Political Fallout and the Road Ahead
Badaru’s resignation kicked off a chain reaction almost immediately. Opposition parties like the Peoples Democratic Party (PDP) and Labour Party are demanding a full-blown parliamentary probe into the Tinubu government’s defence spending. Civil society groups—including #SecureNorth—are gearing up for nationwide protests with the slogan, “Enough is Enough.” Meanwhile, inside the ruling All Progressives Congress (APC), the split is now out in the open. Northern governors, who initially backed Badaru, say they feel betrayed; voices from the south argue the ministry should never have been handed to a “governor without security experience.” Now, President Tinubu faces the unenviable task of finding a successor who’ll satisfy both the military’s top brass and a population traumatized by years of violence.

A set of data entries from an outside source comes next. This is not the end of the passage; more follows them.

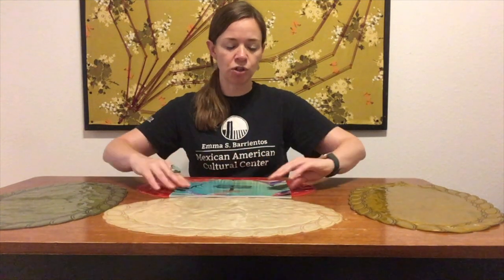First, let's talk about the Smithsonian Learning Lab. This is an online collection of digital resources. We are an affiliate with the Smithsonian, so we have uploaded images from our permanent installation called Upwarded Dreams, and in this collection you're going to see images of each individual alibrije and also find some videos related to the project.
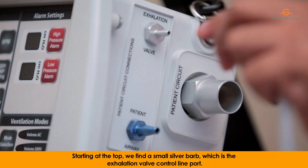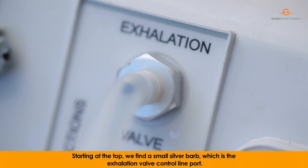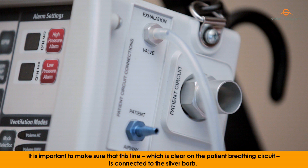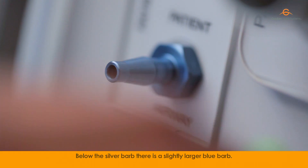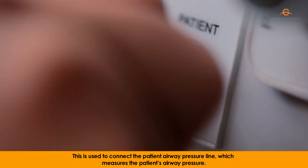Starting at the top, we find a small silver barb which is the exhalation valve control line port. This line is used to control when the patient is allowed to exhale. It is important to make sure that this line, which is clear on the patient breathing circuit, is connected to the silver barb. Below the silver barb, there is a slightly larger blue barb, used to connect to the patient airway pressure line, which measures the patient's airway pressure.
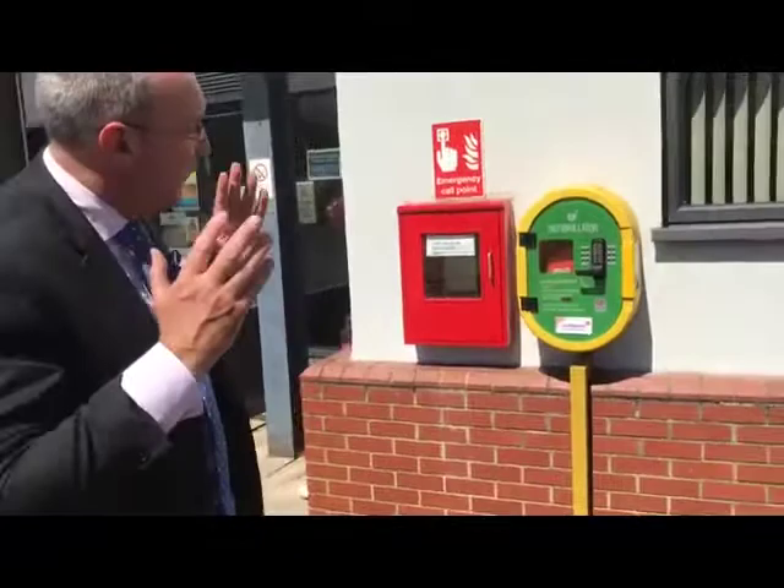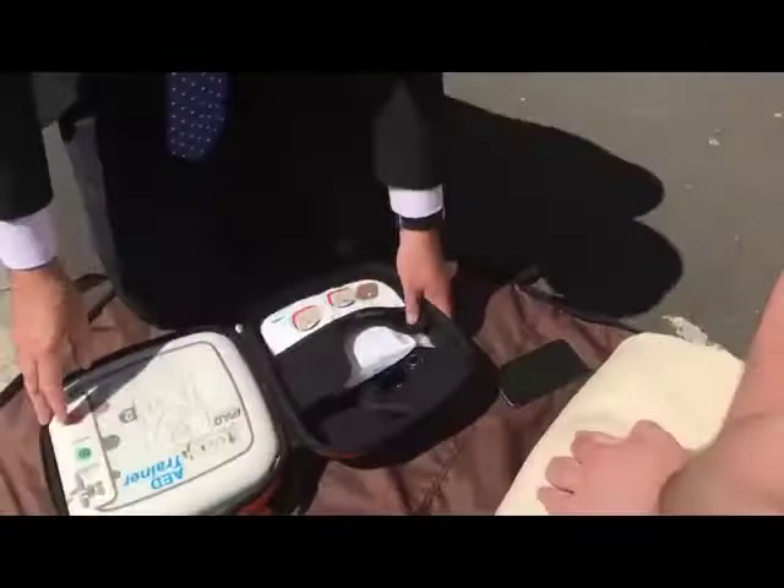The ambulance service told us there's a defibrillator at the fire station just around the corner. They've given us the code, so I'm going to go and get the defibrillator from the fire station.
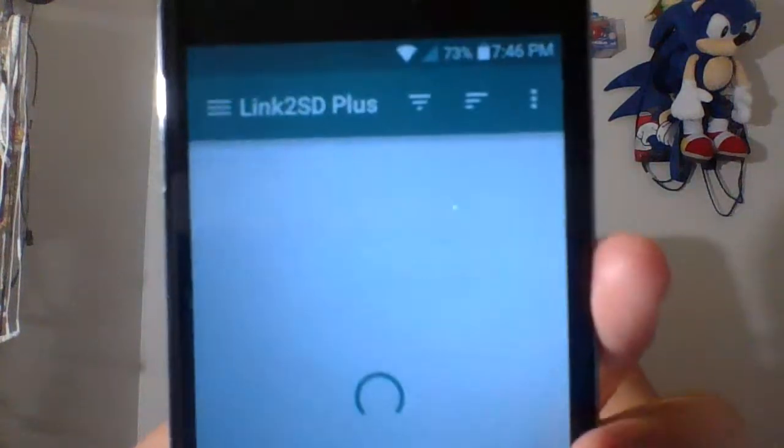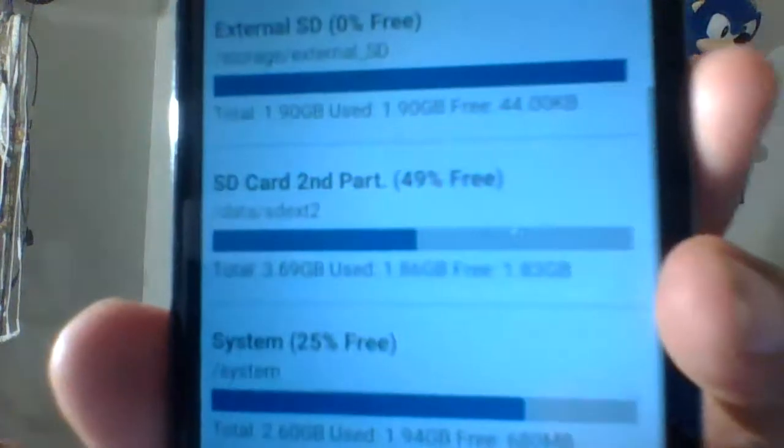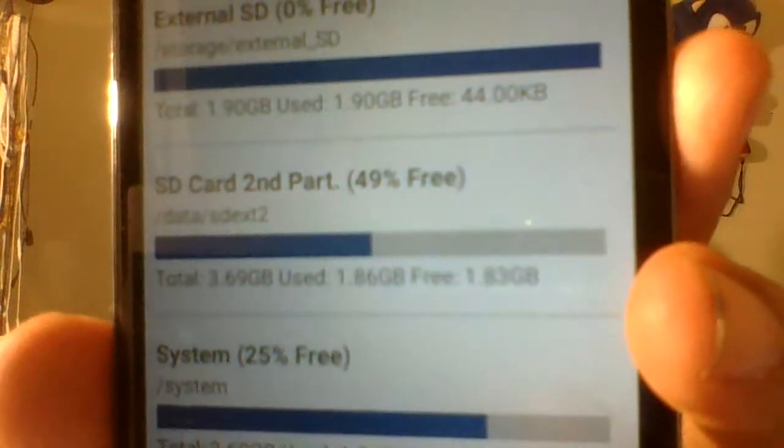It is rooted. It doesn't use SuperSU, so I don't have SuperSU installed. I have KingoRoot installed — I'll show you guys — KingoRoot right there, and yes it is rooted, as I am using Link2SD. If you use Link2SD, you have to have root in order to have a secondary partition on your SD card become readable. So you guys can see my second partition is readable.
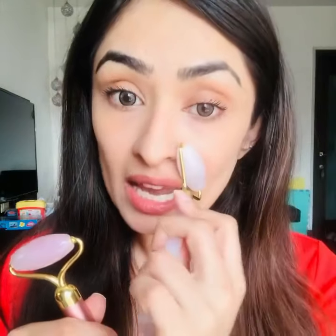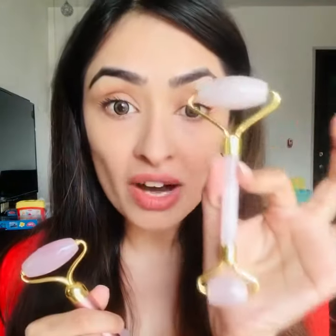What does a basic Rose Quartz roller do, the manual one? It helps in muscle stimulation, in muscle toning, in face lifting massage — first level face lifting massage.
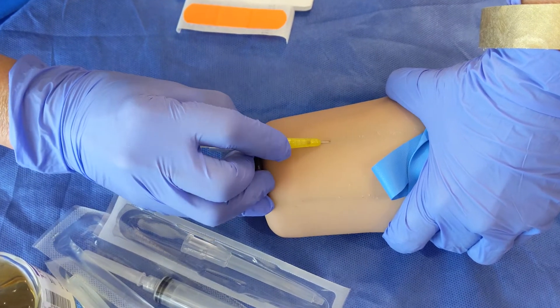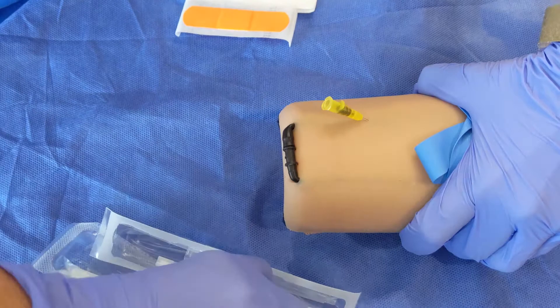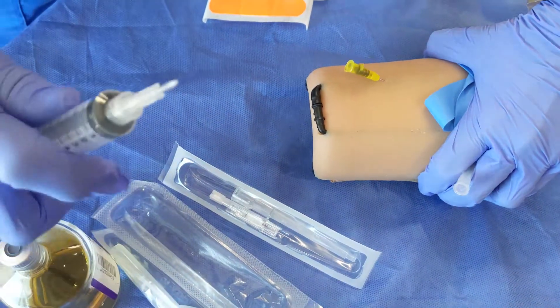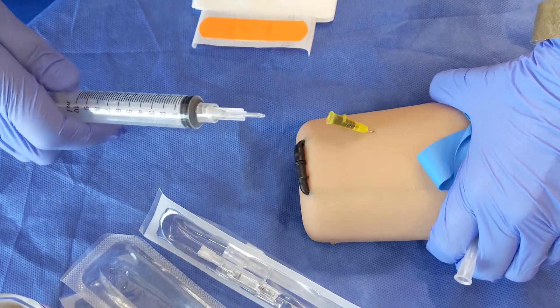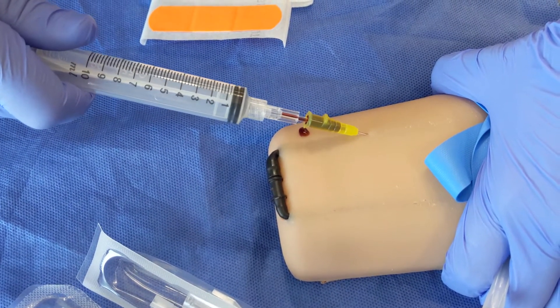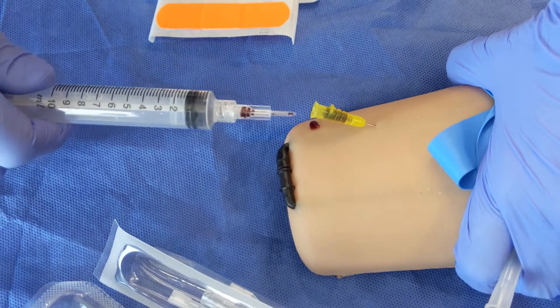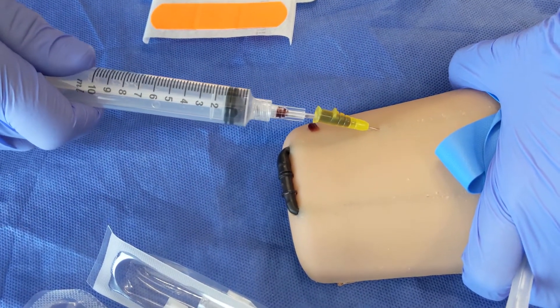I've got some flash. So this is the interesting part. You might need somebody to help you, but you can also just manage this yourself pretty easily. So we're using a blunt cannula on a 10cc syringe.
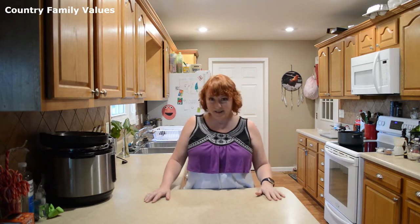Hi friends, I'm glad you're here. Today we're making a small batch of chocolate peanut butter oatmeal no-bake cookies — just a small batch. So let's get into it.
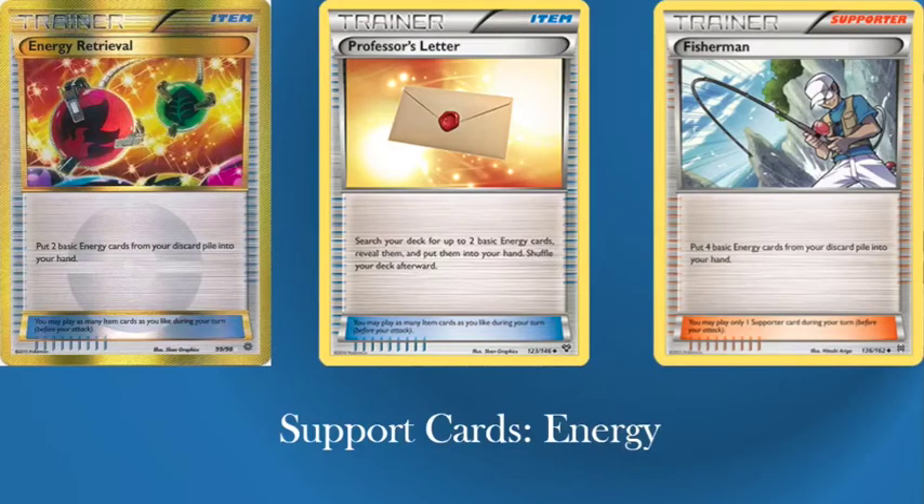Next we have support cards for energy: Energy Retrieval, Professor's Letter, and Fisherman. Fisherman might be on the cards — with Palpad coming out, the new card that lets you put two Supporters back into your deck, Fisherman might work. I quite like the idea of Fishermaning and then Palpadding it right back. Professor's Letter is a standard card in these decks because you just take two energies straight from your deck and attach them because of Magnezone. Energy Retrieval is effectively Mount Coronet's ability but as an Item.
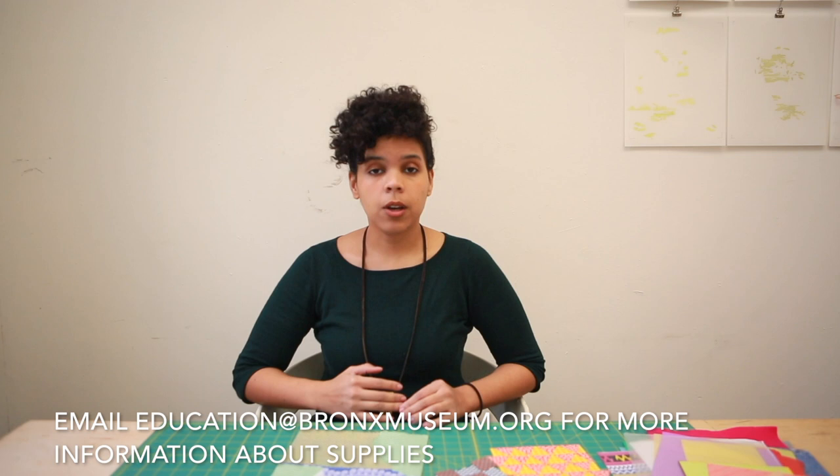If you have a chance, share your artworks with the museum online. And remember, you can pick up a materials package when you come visit the museum. Bye!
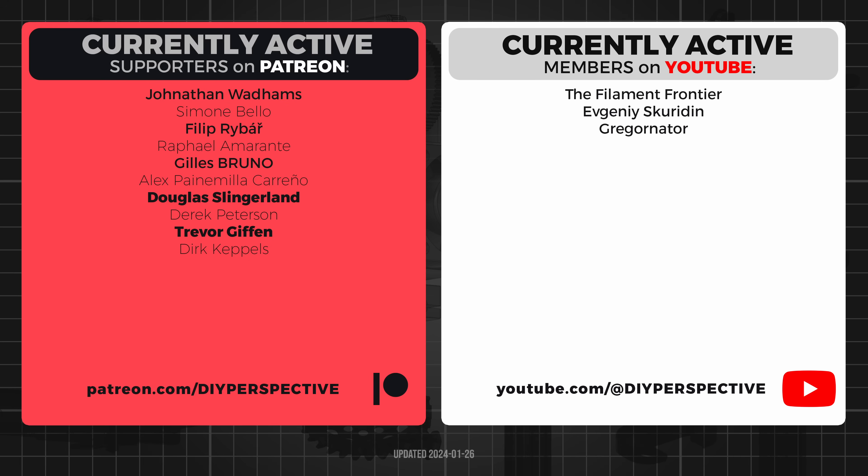Huge thanks to all the YouTube and Patreon supporters. Don't forget to like the video and subscribe to the channel. That's all from me and I will see you next time!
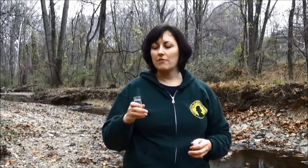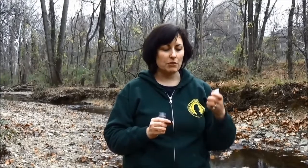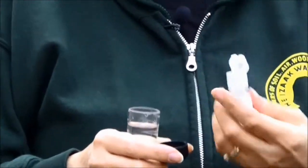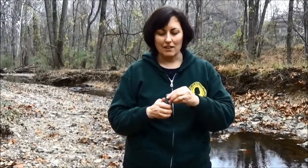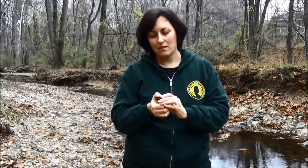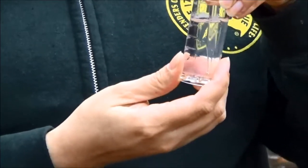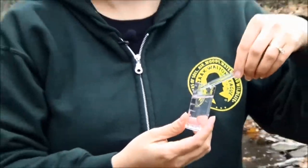Now we're going to measure phosphates, which is another common nutrient that you can find in streams. We have our sample of 25 milliliters of stream water. The first thing we're going to do is put in two drops of our activator solution, then close it up and shake it to make sure it's well mixed. Once the activator solution is thoroughly mixed, we're going to break our ampoule in the sample — just like with dissolved oxygen, hold it against the side and push until the ampoule breaks, then turn it up and down to mix. We want to time this reaction for two minutes to get our reading of phosphate.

Three main names are making the rounds: former Borno State governor Kashim Shettima (currently the Vice President and no stranger to counter-insurgency efforts), retired Lt-Gen Tukur Buratai (the former and controversial Army Chief), and Minister of State for Defence, Bello Matawalle—a former Zamfara governor with critics who accuse him of negotiating with bandits. In the meantime, acting Defence Minister Femi Gbajabiamila—known far more for his legislative skills than any kind of security chops—has already pledged to “completely overhaul strategy” within 90 days. His first move: call an emergency security summit in Abuja on December 9, getting all 36 governors and the service chiefs in the same room. Afterward, Gbajabiamila announced the launch of a National Security Emergency Task Force and the immediate deployment of 10,000 new special forces to the northwest.
A Nation’s Cry
Back in the battered villages of Shiroro, Niger State, where 42 farmers were killed and another 112 abducted in just one attack last month, people have gone beyond despair. “We don’t need another minister,” said Mallam Ibrahim Usman, a local leader. “We need the government to remember we exist.” As Nigeria keeps burying its dead and searching for the missing, Badaru’s departure is less a conclusion and more like a mirror—one reflecting a country teetering on the very brink of a security abyss. It’s still up in the air whether President Tinubu will actually muster the political will, gather enough resources, and show the kind of ruthlessness needed to haul Africa’s giant back from the edge. That, honestly, seems like it’ll be the true test of his time in office. At the moment, though, the guns keep making more noise than the government ever does, and the night just drags on, feeling as endless and frightening as ever.